The third phase is the remodeling phase. During this time the bone actually restructures on a cellular level. Physical therapy can be beneficial to the healing of fractures in two ways.

First of all, safe and specific exercises can actually speed up the healing process. Good circulation and blood flow to the injured area are extremely important. Specific exercises can help with range of motion and movement of the surrounding muscles and tendons without creating undo stress.

Secondly, research has shown that the use of therapeutic modalities can also accelerate healing. We use a special combination of ultrasound and electrical stimulation. This process decreases pain by reducing unnecessary inflammation. It also increases circulation to the area.

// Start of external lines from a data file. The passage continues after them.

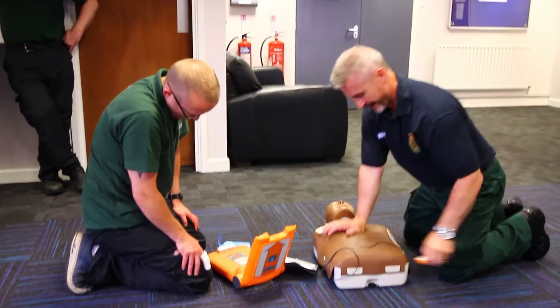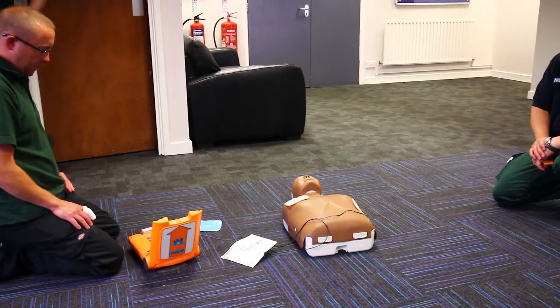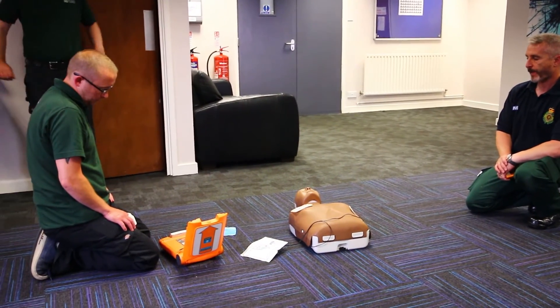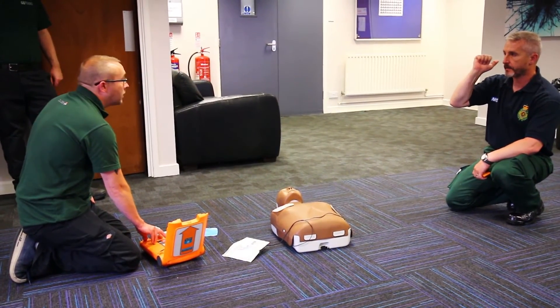Do not touch the patient. Back off. Analyzing heart rhythm. Shock advised. Do not touch the patient. No touch. Press red flashing button — pressing button, clear. Clear behind you. Clear behind me. Clear behind you.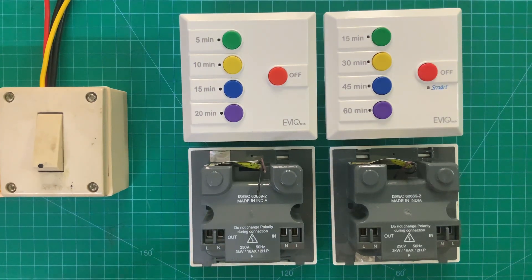Welcome viewers. In this video, we will see how to replace an old motor switch to Svigo and Svigo Smart.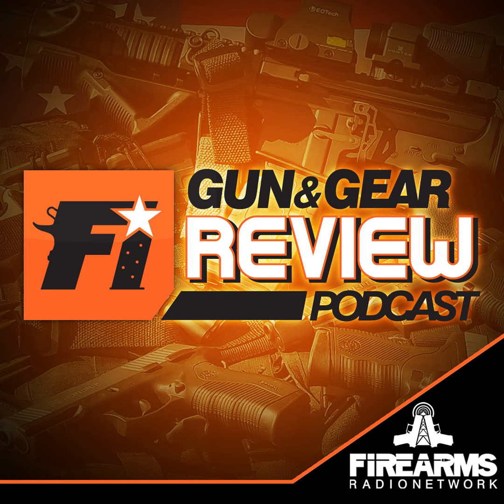This show is brought to you by Primary Arms. Primary Arms seeks to provide the best shopping experience for everything firearms. With over 13,000 products from your favorite brands, Primary Arms carries a complete selection of rifles, handguns, firearm parts, and shooting gear. Every order comes with a commitment to superior service, fast shipping, and an expert support team.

Along with rest, adequate nutrition and protection of the fractured area, physical therapy can help rebuild and restore – often in significantly less time! One of our patients shared the following:

“After cracking 2 ribs in a horse riding accident, my doctor told me it would take 6-8 weeks to heal and gave me a prescription for pain killers. Fortunately, with the special ultrasound/electrical stimulation treatments by Mark, I was completely healed 3 weeks later. Back on the horse even!”

Balance Dizziness

One in three adults may face challenges due to balance problems or dizziness. Although not as common, children and teenagers can be affected as well. Our balance is impacted by several parts of the body: the eyes, inner ear, the brain and the muscles and joints of the legs and feet.
When the balance disorder stems from the inner ear, treatment is often referred to as “vestibular rehabilitation”. The vestibular system refers to the chambers, tubes and nerves that make up the inner ear. The movement and position of our head, as well as the pull of gravity are sensed by this part of our body. If this area has been injured, impacted by a specific disease, or affected by the process of aging, balance can become a challenge.Vision problems can similarly affect our ability to control our movement and maintain our balance. Glaucoma, cataracts or eye-movement disorders are a few examples of vision conditions that can cause this type of problem.Sometimes balance issues result from a lack of proper signaling from the brain to the legs and feet. These signaling nerves are called propriocepters. Traumatic brain injuries, strokes and other injuries can interrupt this communication.Sometimes balance issues can result from imbalances or weakness of the leg or foot, especially if dizziness is NOT present. Exercise programs may be recommended to help strengthen and balance out these areas.

Arthritis

arthritisArthritis is inflammation of the joints. Symptoms include joint pain, stiffness, swelling and decreased range of motion. Age often plays a factor in the development of this condition.

Osteoarthritis and rheumatoid are the most common types of arthritis. Rheumatoid arthritis occurs when the lining of the joint is attacked by the immune system. The area becomes inflamed and ultimately destroys the cartilage and bone located in the joint.

Osteoarthritis is more common. In this case, the joint’s cartilage is damaged by normal wear and tear, age, injury or even infection. Eventually, this cartilage disappears and the bones rub and grind together.

There are a variety of medications prescribed to treat the inflammation and pain of arthritis. These can be taken orally or administered by injection. Physical therapy, however, can play an important role in relieving the pain and preventing the progress of arthritis.

Exercise programs can significantly strengthen the surrounding muscles of the affected joints. Range of motion can be maintained. Balance, flexibility and endurance can all be maintained and even improved. If needed, assistive devices such as braces, walkers may be recommended for safety and comfort.

Patients who consistently exercise and apply the suggestions received at physical therapy enjoy greater comfort and an improved quality of life.